The challenge of building QSAR models
19 May 2020
Read time: 5 minutes
Building QSAR models is easy. Building useful QSAR models is harder. Building QSAR models you can trust – well that can be really challenging – and this is where a lot of Lhasa’s effort is dedicated – creating models that can be used with confidence to make big decisions – such as those made during a regulatory submission that can protect human safety through exposure of a compound or its impurities!
With modern software tools and a dataset, it isn’t hard to automatically calculate 1,000’s of descriptors, find those which appear to correlate and use those to build a model with a standard algorithm. Such a model might appear quite good – particularly if the endpoint is simple (ideally a single mechanistic cause of activity), the descriptors relevant (they show strong correlations with activity) and the test set favourable (a subset of the training set is great for making a model look good). Such a model might be useful – for example to explore SAR within a tight series or when the accuracy of an individual prediction is less important than ‘playing the odds’ to get more predictions right than wrong.
The difference between creating these ‘quick’ models to those you can trust, is massive. The latter demands much more rigour at every step of the process – and this takes time and expertise…
It starts with the collection and curation of high-quality data. This requires an understanding of the assays and experimental conditions used, which generally means returning to the primary literature source. Lhasa is fortunate to have expert scientists dedicated to this role. Given a robust dataset, focus shifts to the creation of descriptors. For us, these are not automatically generated from a library, but are individually designed based upon a detailed understanding of the underlying biological mechanisms. At this stage we do not focus on correlation, we aim to replicate biological recognition through our choice of descriptors, in order that our models perceive molecules in a similar way to the underlying molecular interaction. This takes a rare combination of expertise on the endpoint and outstanding cheminformatics skills to do well, but the reward is an accurate transparent model that is not so dependent on a perfect training set. Next comes the algorithm for model building and given the number of readily accessible models it would be wrong to imagine this is the easy step. All algorithms have underlying assumptions, limitations and needs. At the very least, selection must consider the size, type and variation of the data available, but add to this the complexity of the endpoint (for toxicity there are often many different mechanistic causes and much biological variability to contend with), and the need for a transparent predictions that can provide an accurate measure of confidence then rarely would an off-the-shelf algorithm be sufficient. For over 30 years Lhasa has dedicated considerable effort to developing the field of cheminformatic modelling including developing the fundamental science of applicability, reliability and confidence which are crucial if the model output is to be understood and trusted by the user and the decision made using it to be scientifically robust and defensible.

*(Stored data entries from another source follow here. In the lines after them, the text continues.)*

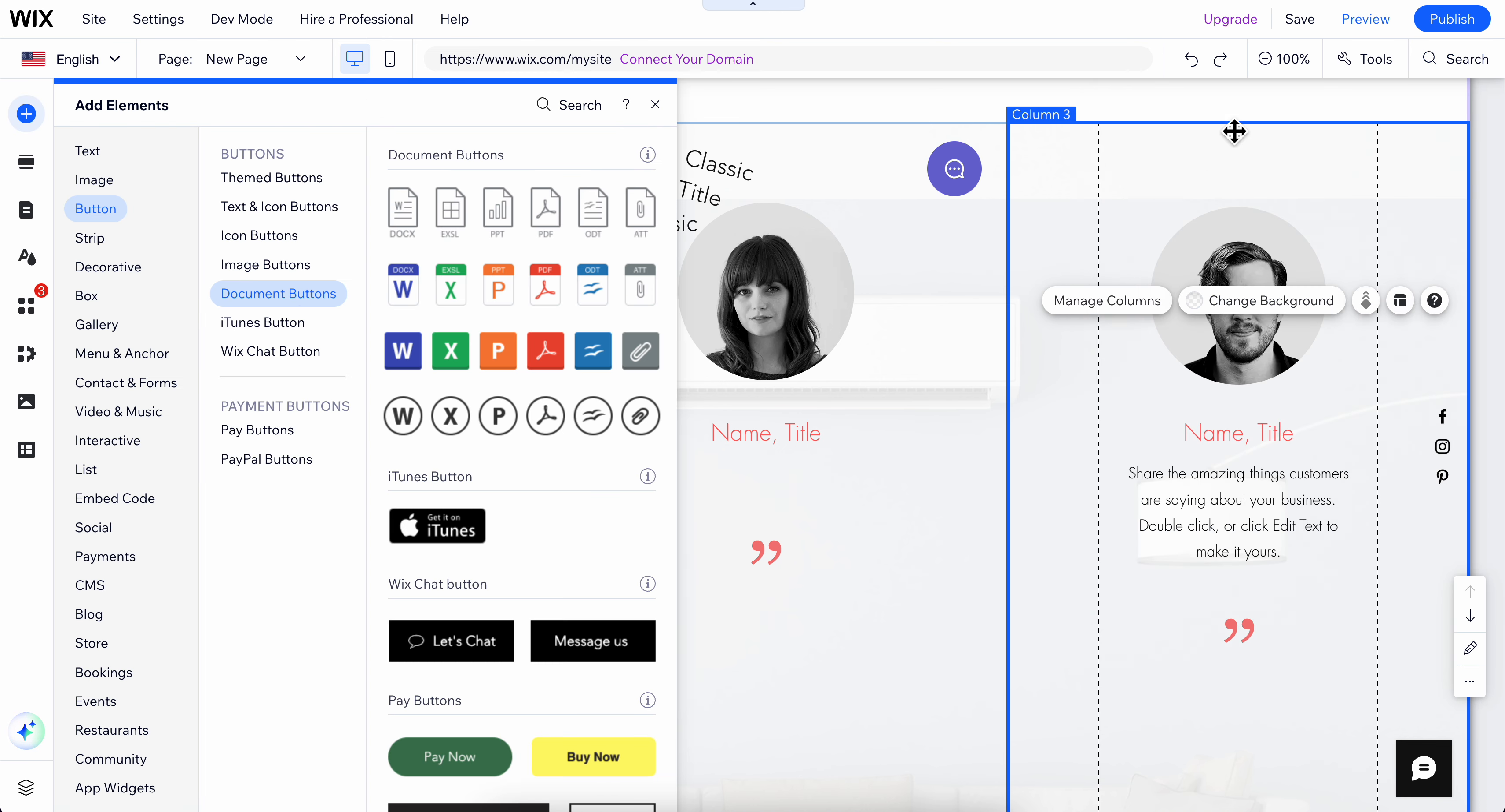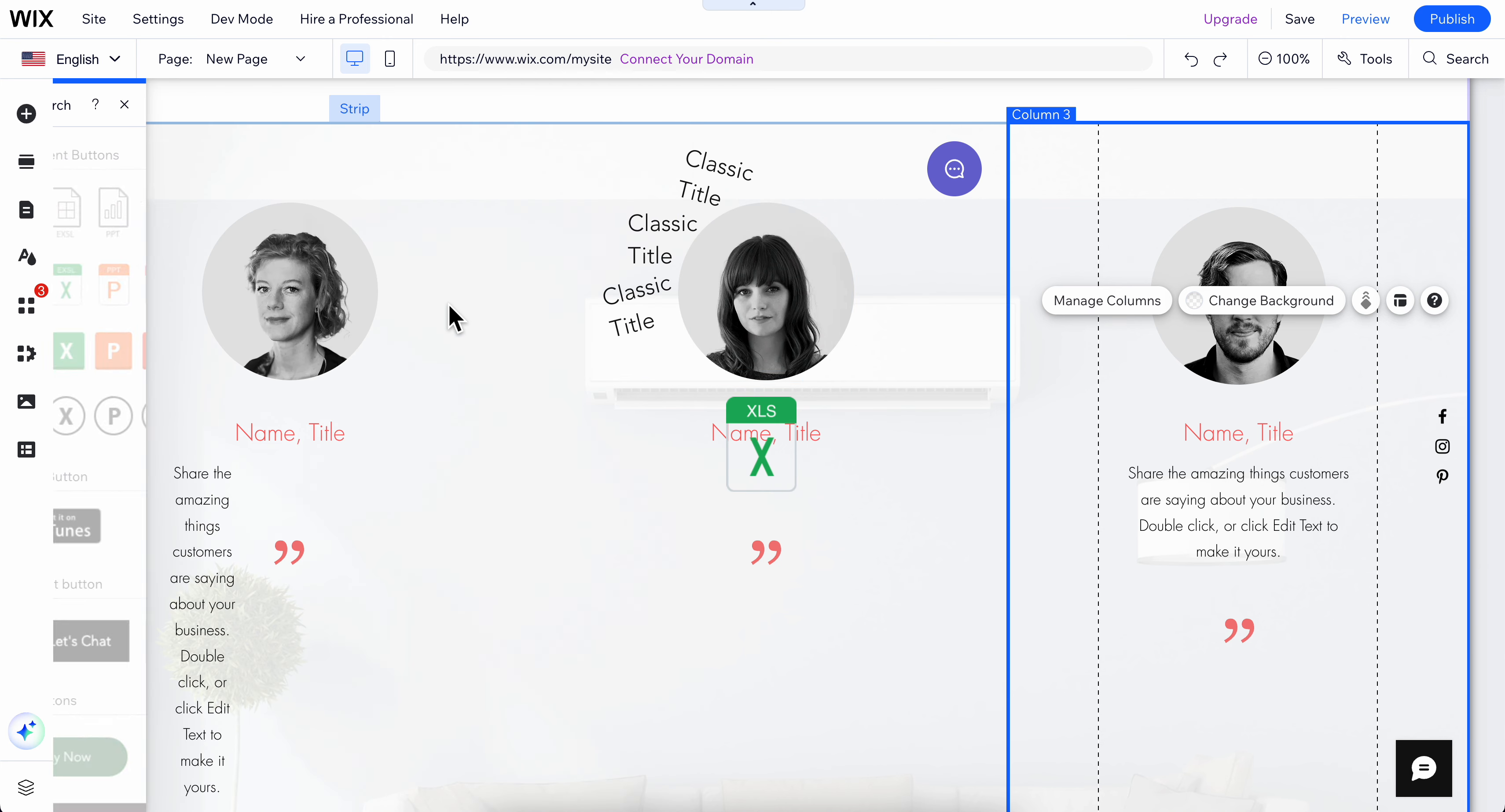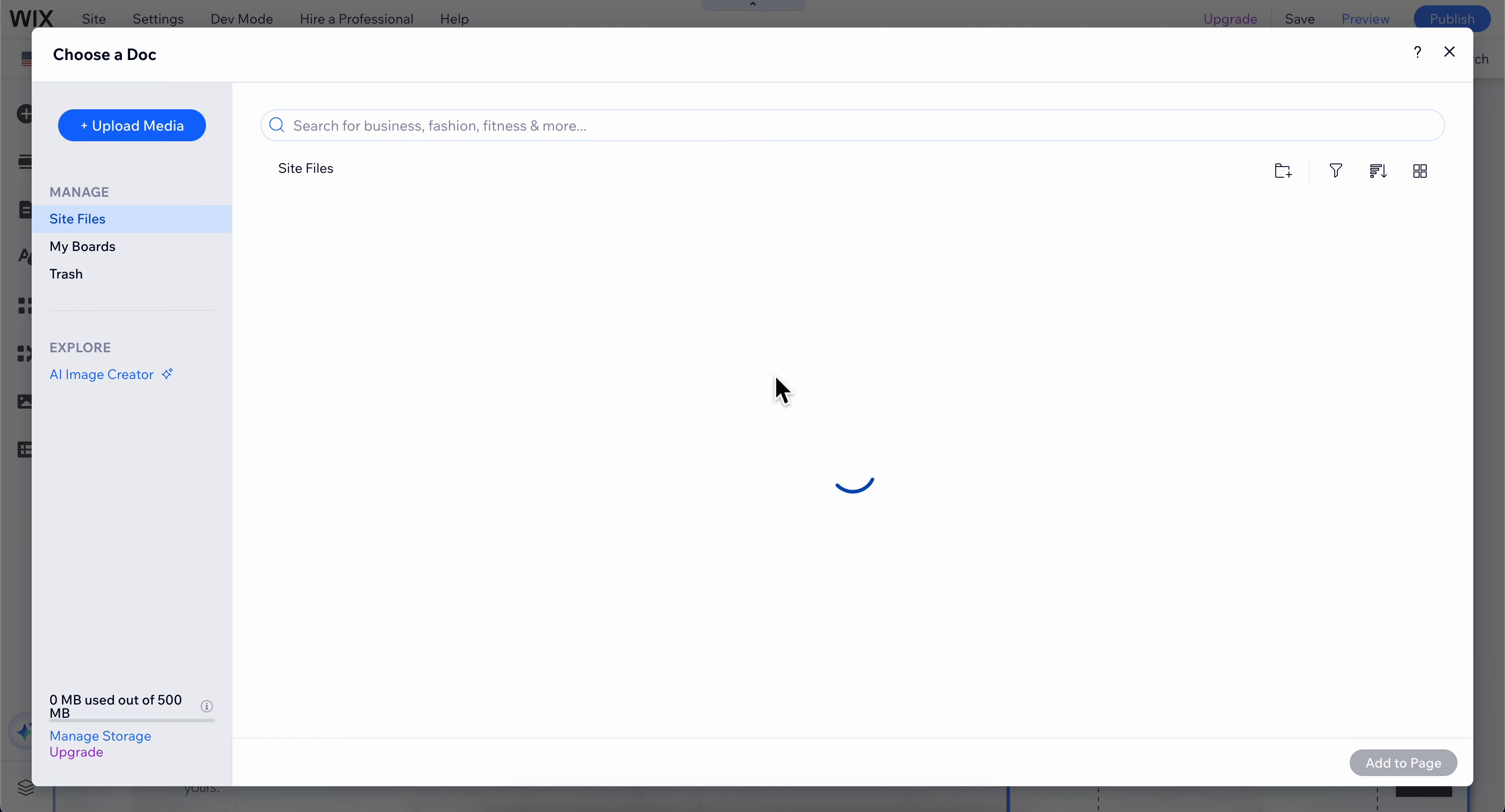Click on the documents button, then click on the Excel option. Simply double click on it and you'll be able to upload your Excel file to your Wix website.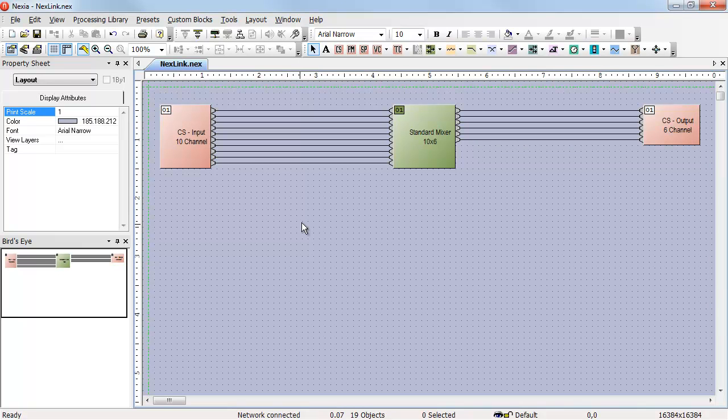In this example, I have a Nexia CS with 10 inputs, 6 outputs, and a simple mixer in between.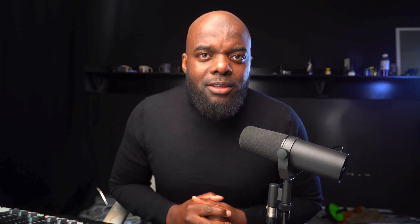Today, we're going to take a look at System.io and see if this is a great platform for running your online business.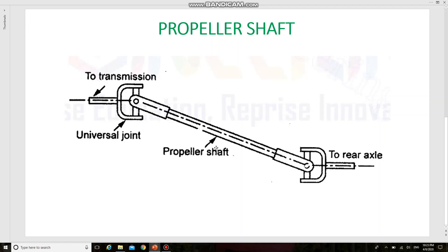Let us see the functions — for what purpose the propeller shaft is used in an automobile. It transmits rotary motion of the gearbox output shaft to the differential unit and then through the axle shaft to the wheels. It also transmits motion at an angle which frequently varies.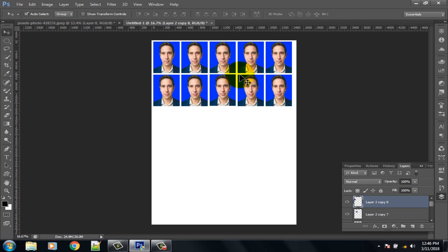If you have any question let us know in the comment section. If you don't subscribe our channel please subscribe for more Photoshop tutorial videos, and thumbs up the like button. Share this video with your friends who want to know how to make passport size photo in Photoshop.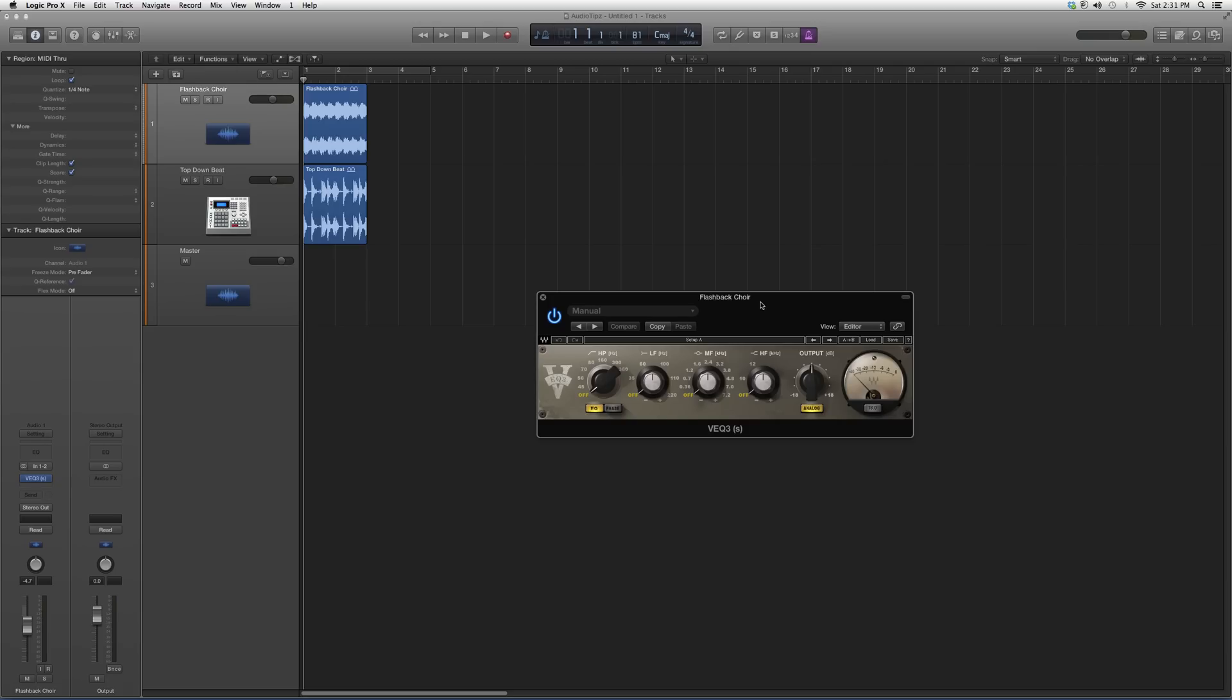It's part of the V family, it's an EQ. It's a great EQ actually. It has your high pass filter right here, your low frequency, mid frequency, and high frequency.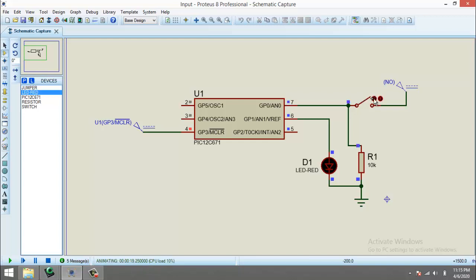But if I keep the switch for longer period of time, it will then sense the input, and after some time it will make the output high. So this is basically the effect of debouncing.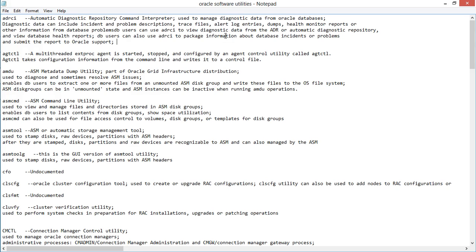The first command is ADRCI — this is a diagnostic command tool. Basically you can use it to manage the diagnostic data for your Oracle databases. You can include incident and problem descriptions, and it covers health monitor reports, shared files, and log entries. You can run ADRCI from your command line prompt and do a little more research to figure out exactly how it applies to the function you're trying to perform.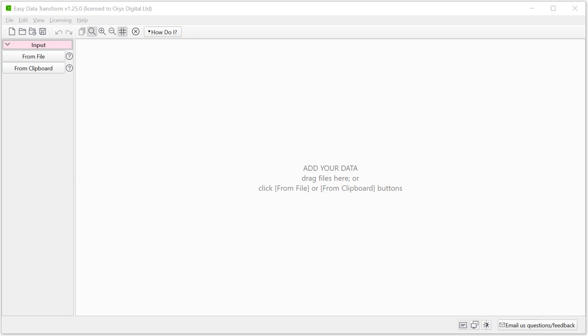This is a short introduction to Easy Data Transform. It's only a few minutes long, but covers all the basic concepts you need to get started wrangling your own data. Easy Data Transform is available for both Windows and Mac. This demonstration uses the Windows version, but the Mac version has the same set of features.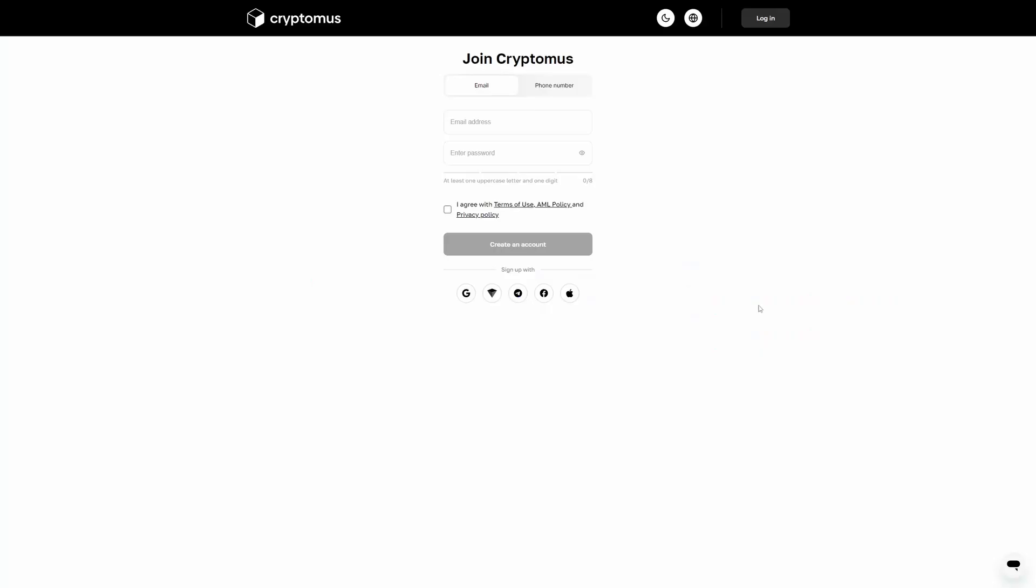You can add a payment button to your chatbots and landing pages and accept online payments from users using Cryptomus.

So if you need a quick QSAR model to understand the activity within a series or to select compounds with the best chance of (in)activity to test, then there has never been a greater availability of cheap or even free tools that can help you do that. If however you are looking for a prediction that you want to evaluate and trust; because the decision you make on the back of it is significant and must stand up to scrutiny, then pay attention to your choice of model and all the steps that have led to its creation.